The objectives of the study were to determine the impact of nocebo effects on adverse events (AEs) in drug trials in fibromyalgia syndrome (FMS) and painful diabetic peripheral neuropathy (DPN).

MEDLINE, CENTRAL, SCOPUS, and the databases of the U.S. National Institutes of Health and the Pharmaceutical Research and Manufacturers of America were searched until December 31, 2010.

Randomized controlled trials with a parallel design of any drug therapy compared with pharmacological placebo in patients with FMS and DPN were included.

Pooled estimates of nocebo effects (number of patients with at least 1 AE and dropping out due AEs) were calculated for placebo and true drug groups by a random effects model.

Fifty-eight FMS (62 DPN) trials included a total of 5065 (5095) patients in placebo groups.

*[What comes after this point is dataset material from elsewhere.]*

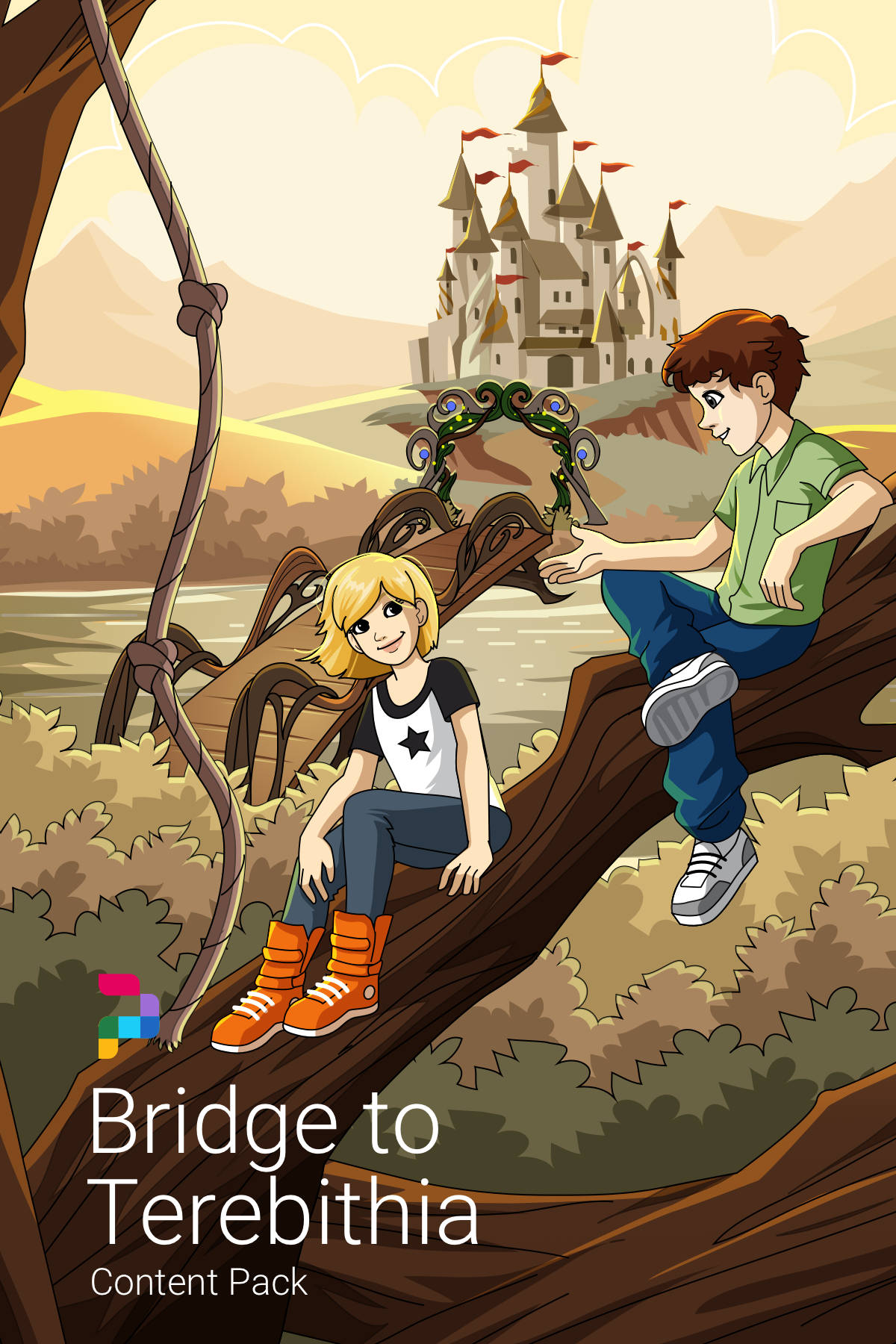 Bridge To Terabithia Alternate Art Wallpaper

The quality of reporting the assessment strategy of AEs was poor in most trials. The pooled estimate of the event rate drop out rate due to AEs in placebo groups was
  • 9.6 [95% confidence control (CI): 8.6-10.7] in placebo and 
  • 16.3 (95% CI: 14.1-31.2) in true drug groups of FMS trials and was 
  • 5.8 (95% CI: 5.1-6.6) in placebo and 
  • 13.2 (95% CI: 10.7-16.2) in true drug groups of DPN trials.
Nocebo effects accounted for 72.0% (44.9) of the drop outs in true drug groups in FMS (DPN).

Nocebo effects substantially accounted for AEs in drug trials of FMS and DPN.

Standards to assess and report AEs should be defined by regulatory agencies. Strategies to minimize nocebo effects in both clinical trials and clinical practice should be developed.